**Recorded data:**
+++

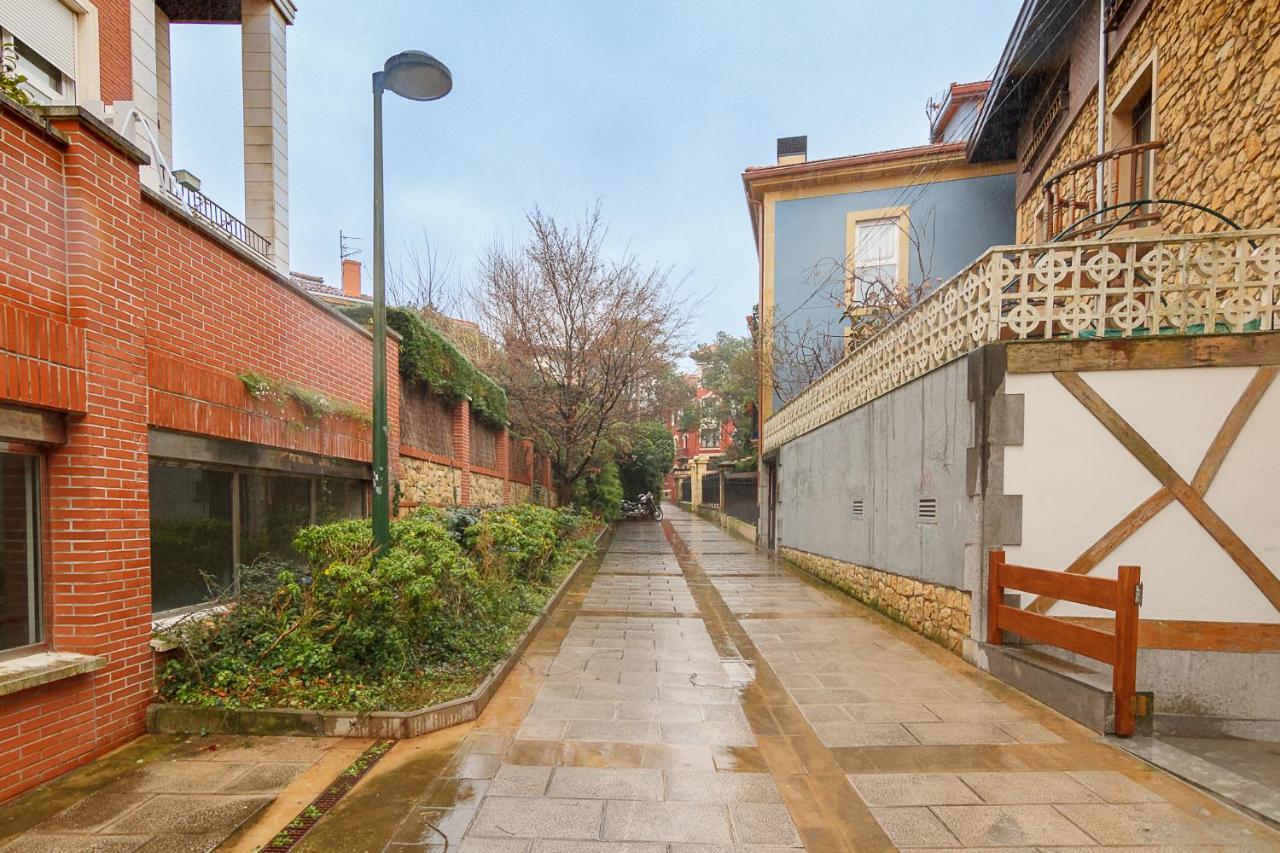 גטסו Konporte, Vivienda Turistica Renovada Con Wifi Y Garaje מראה חיצוני תמונה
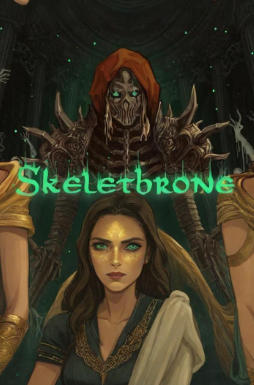 骷髅王座：埃里科纳编年史Skelethrone: The Chronicles of Ericona-2139840
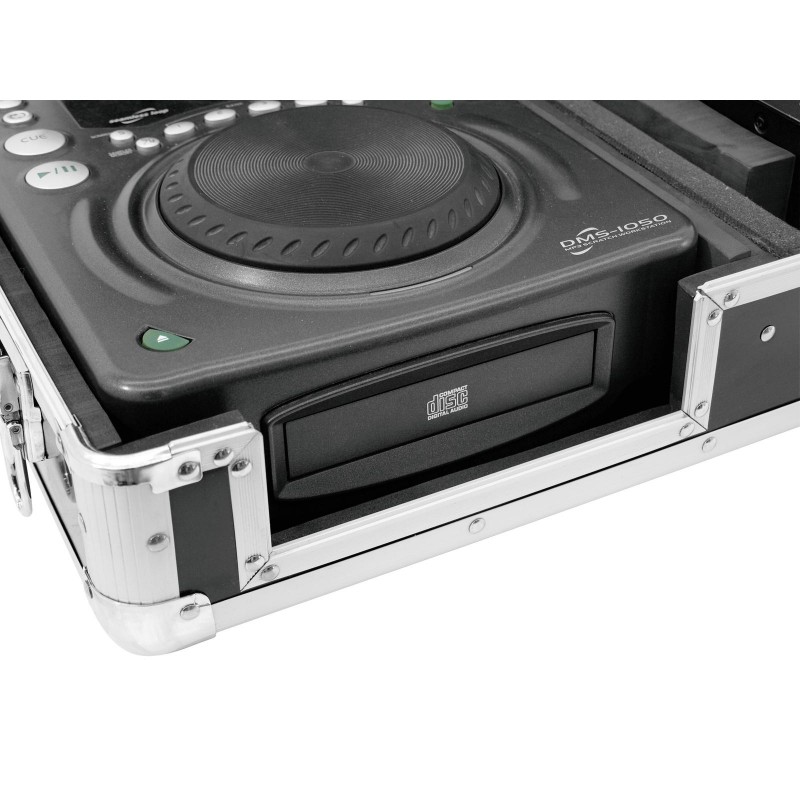 ROADINGER Universal Console DIGI-1 2xCD/1xM-10 bk - 4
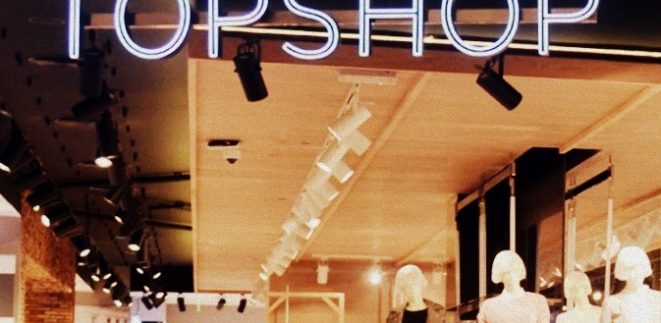 Topshop: UK Clothing Brand Returns to Egypt at Cairo Festival City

+++

Once the pictures have been removed, reproduce each line of the material above exactly.

**Your response:**
 גטסו Konporte, Vivienda Turistica Renovada Con Wifi Y Garaje מראה חיצוני תמונה
 骷髅王座：埃里科纳编年史Skelethrone: The Chronicles of Ericona-2139840
 ROADINGER Universal Console DIGI-1 2xCD/1xM-10 bk - 4
 Topshop: UK Clothing Brand Returns to Egypt at Cairo Festival City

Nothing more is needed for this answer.